Denn wenn ich nachts nach einer langen Nacht nach Hause komme, wenn die Abgase des Tages noch in der Großstadtluft liegen, der Geruch von Urin und Kanalisation in meine Nase steigt, wenn ich den Kopf in den Nacken legen will, um die Sterne zu zählen, weil es das ist, was mich in der Nacht weniger einsam fühlen lässt, und wenn ich stattdessen in mattes Orange und Grau blicke, einen lichtverschmutzten Großstadthimmel, gibt es nur eine mögliche Antwort: Dann zieht das Heimweh an mir, als schlinge sich ein unsichtbares Tau um meinen Rumpf. Dann fehlt mir die Luft und die Erde, die durch den Regen schöner werden, dann fehlen mir die Deiche und ihre Weichheit, ihre weibliche Form, die sich scheinbar nebensächlich und mütterlich den Gezeiten entgegenstemmt, nur damit wir Menschen hinter ihnen leben können. Mir fehlt das kalkarme Wasser für meinen morgendlichen Tee. Manchmal, da fehlt mir sogar die Gülle, die einzige Art von Scheiße, die für mich gut riechen kann.

Doch vor allem fehlt mir die Weite, die unendliche Weite, die dafür sorgt, dass sich meine Brust weniger zuschnürt, wenn einmal alles zu viel wird, wenn meine Lungen zu klein scheinen für das da draußen und ich all die Wucht des Nichts einsaugen kann, um weniger zu sein, um wieder ruhiger zu werden, um zu begreifen, dass es so viel Größeres als mich selbst gibt und mir das auf merkwürdige Art und Weise ein Trost ist.

Irgendwie, denke ich manchmal, ist das alles fast komisch: Das erste Leben stammt aus dem Meer. Jetzt holt sich das Meer mit dem Klimawandel Stück für Stück Land und Leben zurück. Der Spiegel der Meere steigt, das Wasser verschlingt mit der Zeit immer mehr Grund und uns am Ende vielleicht gleich mit. Dann wird es so sein, als hätte es uns nie gegeben, vielleicht gibt es am Ende wie am Anfang nur noch irgendwelche Pantoffeltierchen im Meer. Wenn das hier nur eine Geschichte wäre, würde ich vielleicht sogar denken, wie schön rund der Bogen doch ist, der sie umspannt; dass Anfang und Ende passen und der Autor sich wirklich mächtig Gedanken gemacht haben muss. Nur ist das hier nicht nur eine Geschichte. Das hier ist mein Leben.

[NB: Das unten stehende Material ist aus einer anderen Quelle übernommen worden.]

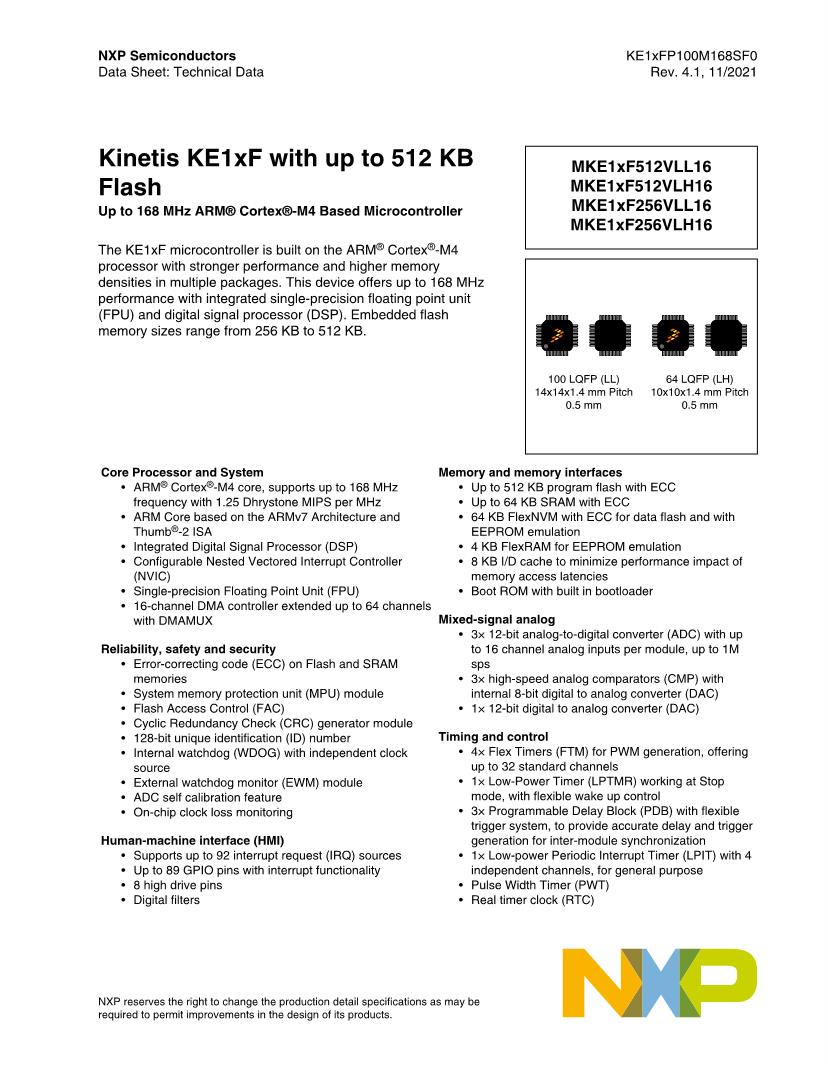 Arm Cortex M4 Core Lqfp 100 512 Kb 32 Bit 168 Mhz Arm Microcontrollers Mcu Datasheets Mouser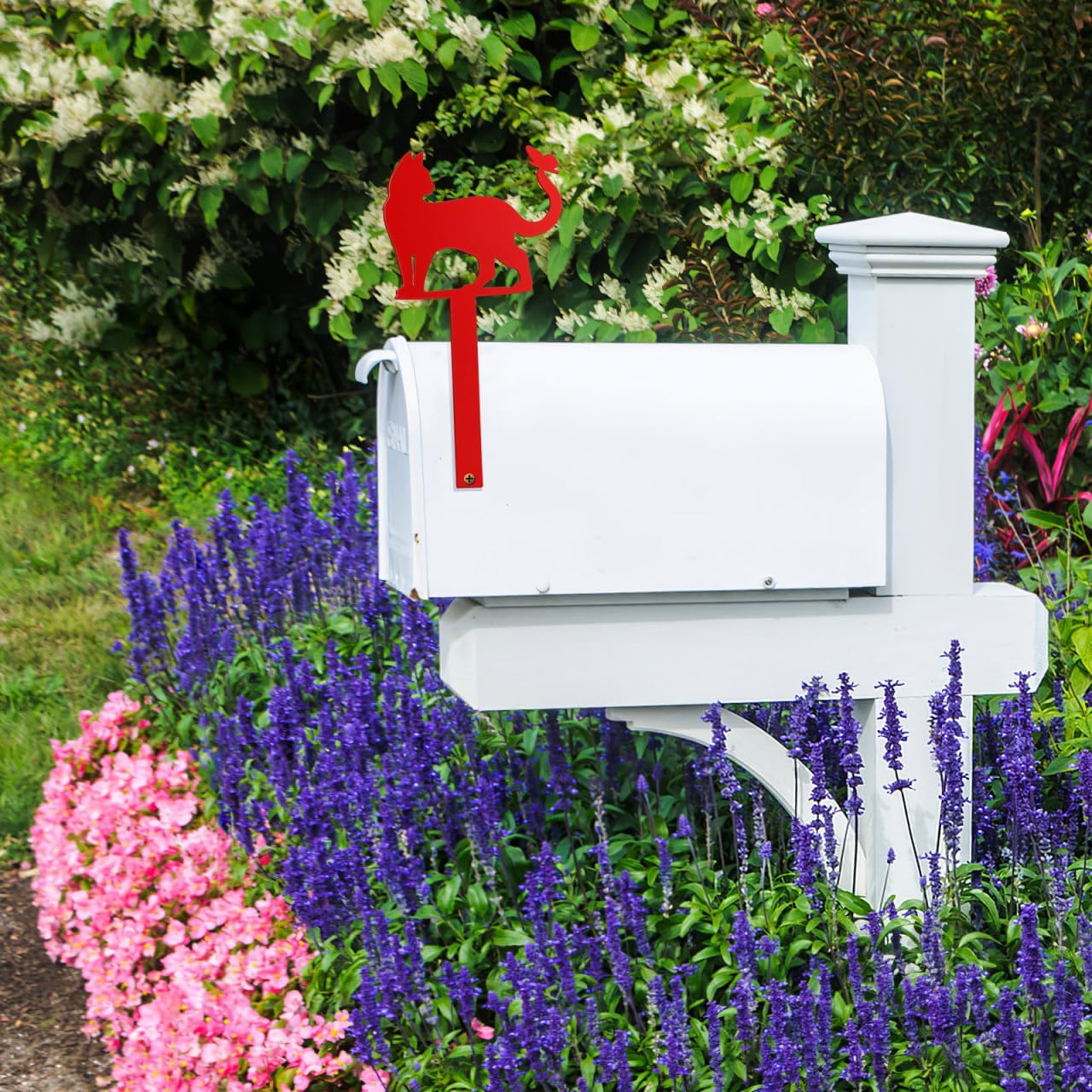 Mipcase Cat Shaped Mailbox Decor Wrought Iron Mailbox Pick 9.84 X 5.11 in Stake Sign for Lawn Garden Backyard Front Door Outdoor Ornament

Das Letzte, was ich will, ist: nicht die Wahl zu haben, ob ich zurückkehren kann, weil der Grund nicht mehr bewohnbar ist, weil der Deichbau und unsere Wassersysteme nicht mit dem Anstieg des Wassers mithalten können, weil Tornados in Ostfriesland wüten, die ich zuvor nur aus dem Fernsehen kannte, und der Wind die Häuser wie ein Schwert zerfetzt. Ich möchte mich entscheiden können. Das weiß ich jetzt. Ich möchte einen Ort haben, an den ich zurückkehren kann, wenn ich möchte. Na ja, und: Ich will wirklich nicht auf einem Berg leben müssen. Angst hin oder her, das erträgt mein Magen nicht.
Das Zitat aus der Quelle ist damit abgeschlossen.